Je suis personnellement malade depuis trois jours après ces envolées de poussières d’alumine à Fria et toute ma famille se trouve dans les mêmes conditions de méforme physique.

Conséquence : toutes les interventions chirurgicales sont ajournées depuis trois jours car la maladie du chirurgien est incompatible avec son intervention.

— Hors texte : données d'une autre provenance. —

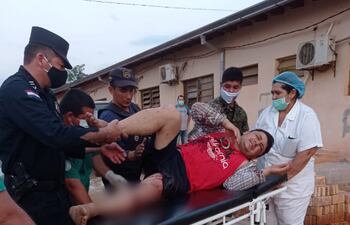 El hombre se dio por detenido tras ser herido.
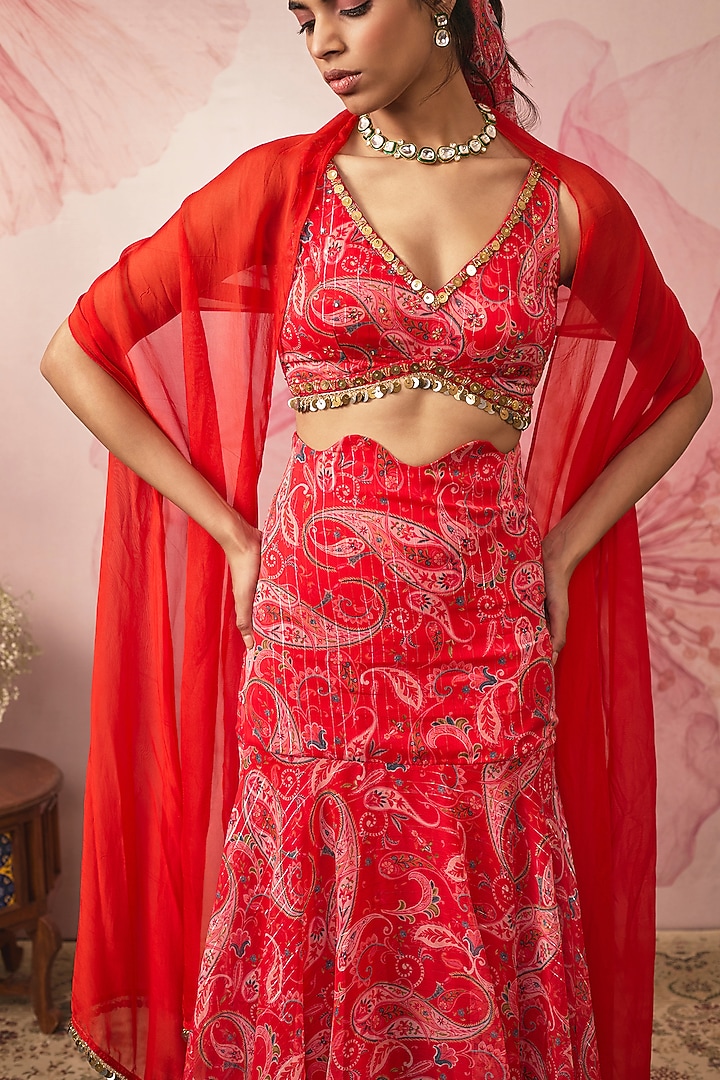 Red Lurex Chiffon Paisley Printed Wedding Lehenga Set by VANA ETHNICS at Pernia's Pop Up Shop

La toux et les maux d’yeux sont les principaux signes des malaises liés aux envolées de poussières et qui font l’objet de plaintes actuellement des patients qui arrivent à l’hôpital préfectoral. Le registre de consultations médicales en fait foi.

Des équipements vétustes

Contacté, Yuri Grigoryev, responsable Afrique des relations publiques de Rusal, a affirmé que le groupe industriel est aussi inquiet "de la situation actuelle" et prend "toutes les dispositions nécessaires pour la normalisation".
La fuite de poussières d’alumine s’est produite à cause de la vétusté de certains équipements. Nos techniciens spécialistes ont apporté les ajustements nécessaires pour réduire considérablement le volume de fuites. Le remplacement de certains équipements vieillissants et le réglage du processus technologique permettront de corriger la situation.

Selon Planetoscope, 66 millions de tonnes d’aluminium ont été produites en 2018. La Guinée détient les plus importantes réserves de bauxite au monde, estimées à plus de 7 milliards de tonnes, selon le site allemand Statista.